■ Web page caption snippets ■
┄┄┄┄┄┄

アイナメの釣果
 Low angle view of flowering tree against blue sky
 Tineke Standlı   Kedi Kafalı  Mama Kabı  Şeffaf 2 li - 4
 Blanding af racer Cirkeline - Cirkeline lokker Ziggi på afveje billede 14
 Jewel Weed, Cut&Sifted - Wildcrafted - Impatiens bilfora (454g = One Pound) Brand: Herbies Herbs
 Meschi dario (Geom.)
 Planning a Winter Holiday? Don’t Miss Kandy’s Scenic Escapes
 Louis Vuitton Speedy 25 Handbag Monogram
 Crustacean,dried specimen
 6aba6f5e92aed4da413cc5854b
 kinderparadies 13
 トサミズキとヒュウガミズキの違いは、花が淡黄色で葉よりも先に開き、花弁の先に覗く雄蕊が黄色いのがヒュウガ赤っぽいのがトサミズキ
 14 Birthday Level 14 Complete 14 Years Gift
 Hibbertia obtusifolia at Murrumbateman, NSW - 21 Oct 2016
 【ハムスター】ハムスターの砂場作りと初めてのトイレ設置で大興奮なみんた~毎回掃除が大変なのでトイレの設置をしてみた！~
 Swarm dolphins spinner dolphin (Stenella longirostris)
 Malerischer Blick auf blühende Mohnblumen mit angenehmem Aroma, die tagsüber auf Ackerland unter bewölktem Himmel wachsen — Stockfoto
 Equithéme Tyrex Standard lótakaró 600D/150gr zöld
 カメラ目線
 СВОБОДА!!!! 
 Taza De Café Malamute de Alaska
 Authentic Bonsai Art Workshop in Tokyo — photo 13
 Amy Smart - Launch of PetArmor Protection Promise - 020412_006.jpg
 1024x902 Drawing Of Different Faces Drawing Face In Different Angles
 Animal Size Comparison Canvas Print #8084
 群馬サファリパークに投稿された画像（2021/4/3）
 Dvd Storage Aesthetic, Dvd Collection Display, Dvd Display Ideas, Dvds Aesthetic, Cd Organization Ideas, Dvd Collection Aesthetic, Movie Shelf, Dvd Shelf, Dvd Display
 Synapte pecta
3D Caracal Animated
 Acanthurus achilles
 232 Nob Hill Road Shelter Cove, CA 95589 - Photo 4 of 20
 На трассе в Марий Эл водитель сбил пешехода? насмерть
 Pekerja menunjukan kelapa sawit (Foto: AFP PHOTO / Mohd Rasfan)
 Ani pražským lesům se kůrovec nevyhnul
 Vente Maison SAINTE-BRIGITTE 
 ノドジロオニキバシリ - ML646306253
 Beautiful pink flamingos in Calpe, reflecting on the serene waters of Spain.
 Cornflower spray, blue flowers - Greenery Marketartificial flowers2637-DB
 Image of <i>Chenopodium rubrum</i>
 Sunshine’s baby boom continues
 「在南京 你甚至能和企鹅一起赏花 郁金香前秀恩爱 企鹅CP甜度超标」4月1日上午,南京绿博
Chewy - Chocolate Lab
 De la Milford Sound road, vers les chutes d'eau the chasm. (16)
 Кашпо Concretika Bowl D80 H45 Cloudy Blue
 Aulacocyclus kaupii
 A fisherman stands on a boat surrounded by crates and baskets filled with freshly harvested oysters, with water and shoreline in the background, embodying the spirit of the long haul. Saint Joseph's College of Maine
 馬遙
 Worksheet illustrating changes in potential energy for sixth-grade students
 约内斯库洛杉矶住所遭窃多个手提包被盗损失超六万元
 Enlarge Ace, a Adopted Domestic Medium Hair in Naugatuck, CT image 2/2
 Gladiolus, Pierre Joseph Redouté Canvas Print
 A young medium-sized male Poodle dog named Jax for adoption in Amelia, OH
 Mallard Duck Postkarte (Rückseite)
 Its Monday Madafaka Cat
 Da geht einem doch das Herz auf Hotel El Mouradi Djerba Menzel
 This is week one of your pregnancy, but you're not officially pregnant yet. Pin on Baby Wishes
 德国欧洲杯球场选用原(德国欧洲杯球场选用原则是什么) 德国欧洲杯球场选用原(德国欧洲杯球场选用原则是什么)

┄┄┄┄┄┄

■ EXERCISE BRIEF ■
Go through the records, tally the lines holding the word "Canvas", and give only the tally.

■ EXERCISE RESULT ■
2